Les pays de la région MOAN doivent aussi lever les barrières commerciales interrégionales, d’autant que le volume des échanges intrarégionaux, précisément, est négligeable. Il est vital de promouvoir une plus grande liberté de circulation des biens, certes, mais aussi des services, de la main-d’œuvre et des capitaux à l’intérieur de la région dans son ensemble. La région pourrait tirer profit de l’expérience acquise par d’autres parties du monde – dont l’Europe – en matière d’intégration. La création d’emplois est directement liée à une plus grande intégration internationale, affirme l’orateur. Qui plus est, l’intégration économique régionale soulignerait encore la nécessité de réformes économiques structurelles à l’échelle de la région et contrebalancerait effectivement la mauvaise image de l’économie de marché, laquelle était trop souvent associée, sous les anciens régimes, au « capitalisme entre copains ».

Des réformes ambitieuses exigent un espace fiscal qui ne peut s’obtenir qu’au prix d’un réexamen de l’ancienne politique des subventions et, notamment, des aides d’État dans le secteur du pétrole. Ces aides absorbent, selon les estimations, de 3 à 5 % du produit intérieur brut (PIB) dans beaucoup de pays de la région MOAN; elles entraînent de graves distorsions et nuisent aux perspectives de croissance de la région. MM. Karlsson et Boucher déplorent le caractère universel des subventions aux produits pétroliers et aux denrées alimentaires, qui ne permet pas de distinguer les subventions qui sont nécessaires de celles qui ne le sont pas. Ils recommandent que les gouvernements des pays de la région octroient désormais des subventions mieux ciblées et destinées aux éléments les plus vulnérables de la société.

Pendant le débat qui suit, M. Saïd Chbaatou (Maroc) appelle l’attention sur l’existence de différences philosophiques considérables entre le monde occidental et le monde islamique : le premier n’appréhende les questions économiques qu’en fonction de certains indicateurs macroéconomiques, tandis que les peuples de la région MOAN tendent à prendre en compte d’autres aspects, moins quantifiables, de la vie économique. Les difficultés que connaît actuellement l’Occident amènent l’intervenant à penser que ce modèle comporte de graves insuffisances et qu’il ne devrait donc pas être suivi aveuglément. M. Karlsson convient que le succès économique peut être jaugé suivant des méthodes différentes, et il prend pour exemple à ce propos la Chine. Cela dit, ajoute l’intervenant, tous ces modèles reposent sur l’intégration et sur la capacité du système de faciliter les échanges de biens, de services, de capitaux et de main-d’œuvre.
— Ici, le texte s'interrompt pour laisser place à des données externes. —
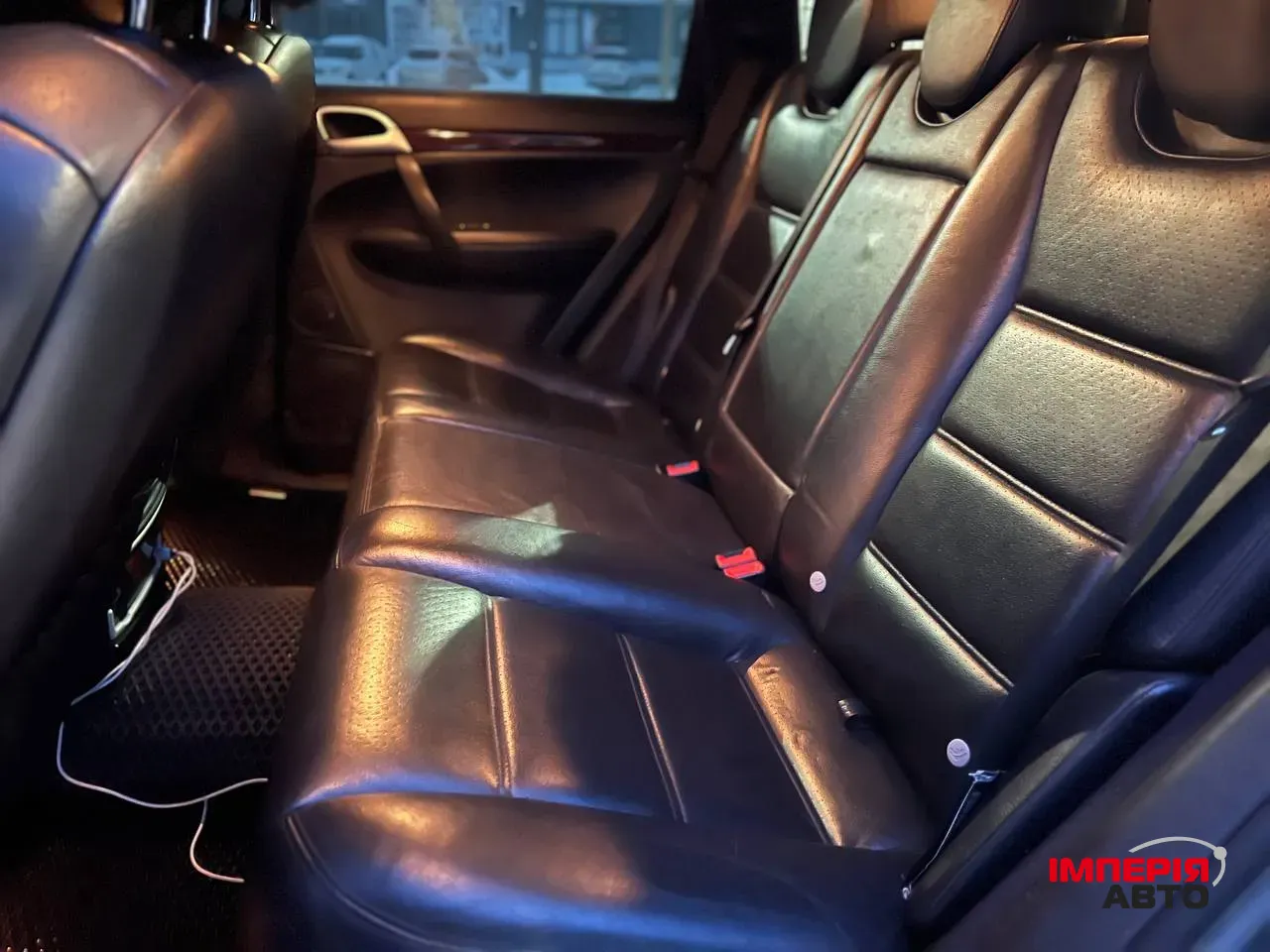 Porsche Cayenne - фото 8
Il appelle les pays de la région à opter pour l’intégration et à former de facto un « nouveau groupe BRIC ».

LES PROBLÈMES DE SÉCURITÉ AU PROCHE-ORIENT APRÈS LE PRINTEMPS ARABE

Le séminaire se poursuit le lendemain avec la session consacrée à l’évolution de la situation au Proche-Orient. La session est présidée par Jean-Michel Boucheron (France), ancien vice-président de l’Assemblée et ancien président du GSM.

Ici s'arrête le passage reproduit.